→ Exercise requirements: This exercise asks for every line of the material that contains the word "image".

- - - - - - -

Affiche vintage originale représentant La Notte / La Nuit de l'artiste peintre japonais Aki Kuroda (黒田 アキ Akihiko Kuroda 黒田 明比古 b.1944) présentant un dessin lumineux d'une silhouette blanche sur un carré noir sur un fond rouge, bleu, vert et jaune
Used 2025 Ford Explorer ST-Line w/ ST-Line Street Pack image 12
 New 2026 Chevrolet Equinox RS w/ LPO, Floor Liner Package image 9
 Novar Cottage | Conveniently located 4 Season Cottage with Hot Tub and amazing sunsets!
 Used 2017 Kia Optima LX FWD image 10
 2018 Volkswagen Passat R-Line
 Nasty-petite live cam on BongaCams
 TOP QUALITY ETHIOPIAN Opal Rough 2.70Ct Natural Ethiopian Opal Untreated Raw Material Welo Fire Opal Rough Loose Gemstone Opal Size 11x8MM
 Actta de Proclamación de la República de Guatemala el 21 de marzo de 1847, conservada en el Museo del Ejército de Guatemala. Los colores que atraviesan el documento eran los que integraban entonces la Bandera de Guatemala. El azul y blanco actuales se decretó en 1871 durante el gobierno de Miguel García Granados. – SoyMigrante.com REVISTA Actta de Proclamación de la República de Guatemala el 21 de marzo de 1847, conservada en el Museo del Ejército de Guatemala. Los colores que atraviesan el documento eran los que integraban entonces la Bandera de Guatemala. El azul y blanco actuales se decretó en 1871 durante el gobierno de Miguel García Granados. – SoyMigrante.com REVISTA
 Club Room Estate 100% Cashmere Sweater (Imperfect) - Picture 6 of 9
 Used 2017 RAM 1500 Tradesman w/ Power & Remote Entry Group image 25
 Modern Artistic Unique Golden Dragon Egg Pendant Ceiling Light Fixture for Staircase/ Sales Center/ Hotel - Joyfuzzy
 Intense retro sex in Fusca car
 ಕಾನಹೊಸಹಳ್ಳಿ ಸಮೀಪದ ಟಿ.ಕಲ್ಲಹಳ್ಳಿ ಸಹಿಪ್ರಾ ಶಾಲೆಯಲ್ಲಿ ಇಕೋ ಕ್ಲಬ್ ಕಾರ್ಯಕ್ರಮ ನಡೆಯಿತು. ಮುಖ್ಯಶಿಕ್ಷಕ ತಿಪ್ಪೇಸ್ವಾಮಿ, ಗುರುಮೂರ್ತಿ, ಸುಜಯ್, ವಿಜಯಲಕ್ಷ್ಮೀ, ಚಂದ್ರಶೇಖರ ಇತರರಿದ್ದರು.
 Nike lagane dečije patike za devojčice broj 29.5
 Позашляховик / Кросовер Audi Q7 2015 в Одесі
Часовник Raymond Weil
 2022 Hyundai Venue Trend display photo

- - - - - - -

→ Result of this exercise:
Used 2025 Ford Explorer ST-Line w/ ST-Line Street Pack image 12
 New 2026 Chevrolet Equinox RS w/ LPO, Floor Liner Package image 9
 Used 2017 Kia Optima LX FWD image 10
 Used 2017 RAM 1500 Tradesman w/ Power & Remote Entry Group image 25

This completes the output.